**DIRECTIONS**
Could you repeat word for word only the lines from the one containing "Cotton Blend Baseball Cap, Jet Black" to the last line of the data below?

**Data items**

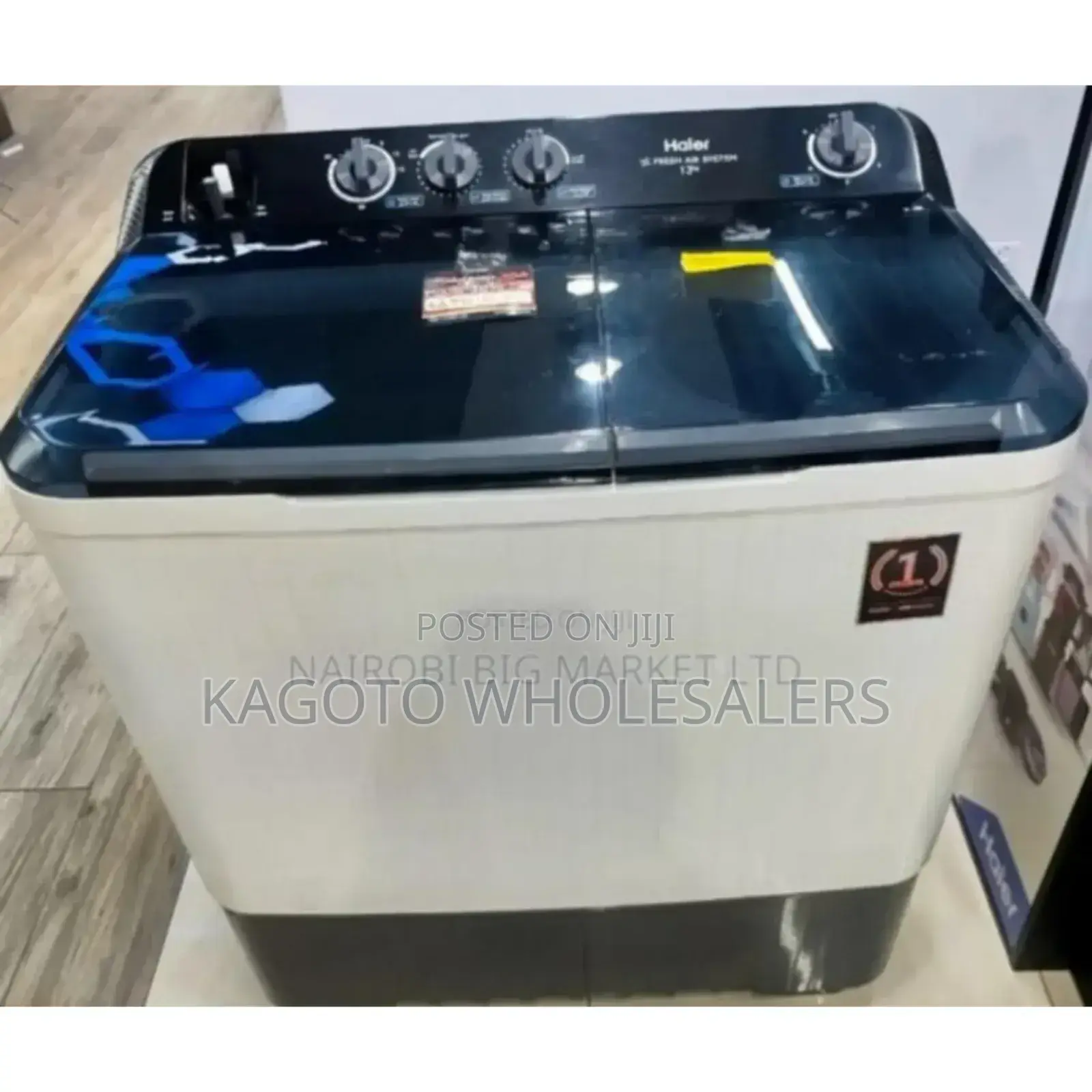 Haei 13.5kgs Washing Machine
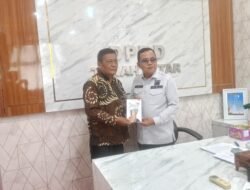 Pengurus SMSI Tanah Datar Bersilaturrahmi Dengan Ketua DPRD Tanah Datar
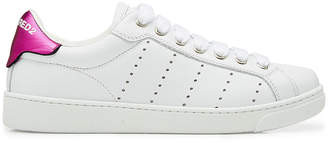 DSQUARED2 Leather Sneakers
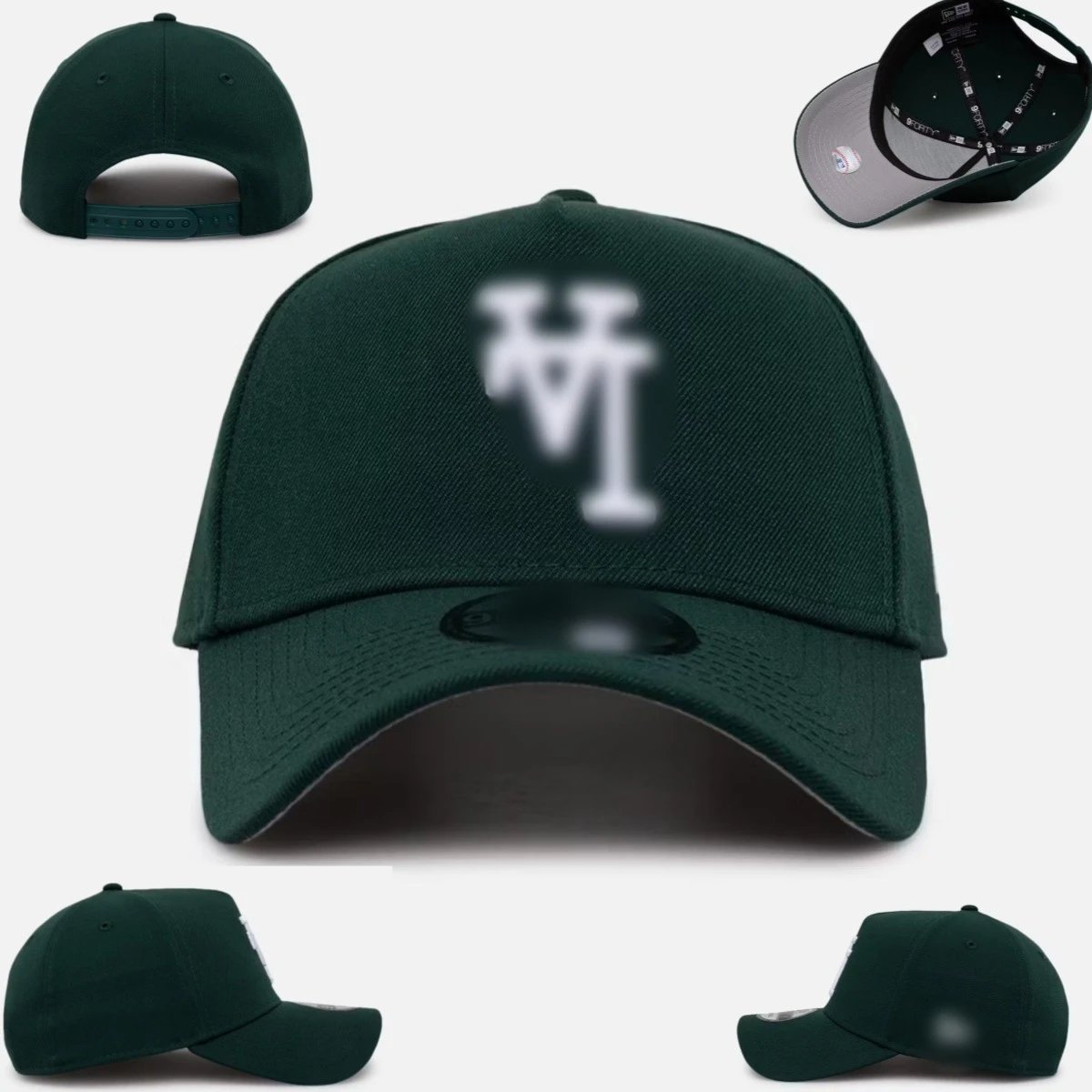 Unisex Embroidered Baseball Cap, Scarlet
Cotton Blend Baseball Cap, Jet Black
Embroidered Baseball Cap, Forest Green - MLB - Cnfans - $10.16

**OUTPUT**
Cotton Blend Baseball Cap, Jet Black
Embroidered Baseball Cap, Forest Green - MLB - Cnfans - $10.16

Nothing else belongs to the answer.